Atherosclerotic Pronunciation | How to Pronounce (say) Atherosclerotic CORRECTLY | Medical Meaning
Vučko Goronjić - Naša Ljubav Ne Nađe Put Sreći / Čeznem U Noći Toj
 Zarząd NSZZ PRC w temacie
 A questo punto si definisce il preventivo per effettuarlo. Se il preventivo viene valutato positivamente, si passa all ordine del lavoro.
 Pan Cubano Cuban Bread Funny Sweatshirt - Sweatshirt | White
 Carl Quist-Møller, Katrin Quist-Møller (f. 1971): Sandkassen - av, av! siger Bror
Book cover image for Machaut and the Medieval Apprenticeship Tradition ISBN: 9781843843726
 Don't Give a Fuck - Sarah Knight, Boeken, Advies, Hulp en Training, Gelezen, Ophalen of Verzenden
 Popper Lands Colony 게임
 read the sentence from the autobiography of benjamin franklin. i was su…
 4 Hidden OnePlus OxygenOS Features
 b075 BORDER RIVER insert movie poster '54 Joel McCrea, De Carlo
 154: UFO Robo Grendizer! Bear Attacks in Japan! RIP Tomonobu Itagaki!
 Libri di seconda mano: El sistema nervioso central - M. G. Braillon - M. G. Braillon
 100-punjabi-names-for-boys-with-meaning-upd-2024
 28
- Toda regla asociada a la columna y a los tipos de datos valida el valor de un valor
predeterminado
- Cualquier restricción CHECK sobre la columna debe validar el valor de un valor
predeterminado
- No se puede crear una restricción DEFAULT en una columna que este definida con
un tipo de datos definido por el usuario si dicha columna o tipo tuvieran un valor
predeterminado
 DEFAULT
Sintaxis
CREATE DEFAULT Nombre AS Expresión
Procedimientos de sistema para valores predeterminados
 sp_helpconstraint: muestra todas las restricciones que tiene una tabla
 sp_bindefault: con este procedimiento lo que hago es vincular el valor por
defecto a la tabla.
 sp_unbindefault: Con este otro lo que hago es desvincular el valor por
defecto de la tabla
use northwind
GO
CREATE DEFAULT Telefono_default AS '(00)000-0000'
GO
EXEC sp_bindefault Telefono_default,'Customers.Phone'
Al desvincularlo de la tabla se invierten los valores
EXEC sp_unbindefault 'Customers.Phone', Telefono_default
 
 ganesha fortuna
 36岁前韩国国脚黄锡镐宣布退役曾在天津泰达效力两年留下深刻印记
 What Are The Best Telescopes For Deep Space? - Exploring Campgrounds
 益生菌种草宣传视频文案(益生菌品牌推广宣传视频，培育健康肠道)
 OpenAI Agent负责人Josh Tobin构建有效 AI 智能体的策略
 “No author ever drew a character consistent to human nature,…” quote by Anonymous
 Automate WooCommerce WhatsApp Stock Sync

# # # # # # #

Looking at the entries above, can you reproduce exactly the lines from the one that holds "read the sentence" through the one that holds "un tipo de datos", and only those?

 read the sentence from the autobiography of benjamin franklin. i was su…
 4 Hidden OnePlus OxygenOS Features
 b075 BORDER RIVER insert movie poster '54 Joel McCrea, De Carlo
 154: UFO Robo Grendizer! Bear Attacks in Japan! RIP Tomonobu Itagaki!
 Libri di seconda mano: El sistema nervioso central - M. G. Braillon - M. G. Braillon
 100-punjabi-names-for-boys-with-meaning-upd-2024
 28
- Toda regla asociada a la columna y a los tipos de datos valida el valor de un valor
predeterminado
- Cualquier restricción CHECK sobre la columna debe validar el valor de un valor
predeterminado
- No se puede crear una restricción DEFAULT en una columna que este definida con
un tipo de datos definido por el usuario si dicha columna o tipo tuvieran un valor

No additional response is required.